Radial basis function (RBF) networks have a static Gaussian function as the nonlinearity for the hidden layer processing elements. The Gaussian function responds only to a small region of the input space where the Gaussian is centered. The key to a successful implementation of these networks is to find suitable centers for the Gaussian functions. This can be done with supervised learning, but an unsupervised approach usually produces better results. For this reason, NeuroSolutions implements RBF networks as a hybrid supervised-unsupervised topology.
The simulation starts with the training of an unsupervised layer. Its function is to derive the Gaussian centers and the widths from the input data. These centers are encoded within the weights of the unsupervised layer using competitive learning. During the unsupervised learning, the widths of the Gaussians are computed based on the centers of their neighbors. The output of this layer is derived from the input data weighted by a Gaussian mixture.

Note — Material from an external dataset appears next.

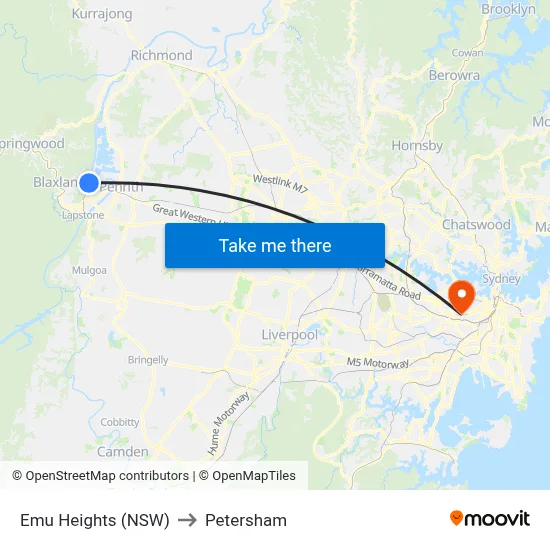 Emu Heights (NSW) to Petersham map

Once the unsupervised layer has completed its training, the supervised segment then sets the centers of Gaussian functions (based on the weights of the unsupervised layer) and determines the width (standard deviation) of each Gaussian. Any supervised topology (such as a MLP) may be used for the classification of the weighted input.
The advantage of the radial basis function network is that it finds the input to output map using local approximators. Usually the supervised segment is simply a linear combination of the approximators. Since linear combiners have few weights, these networks train extremely fast and require fewer training samples.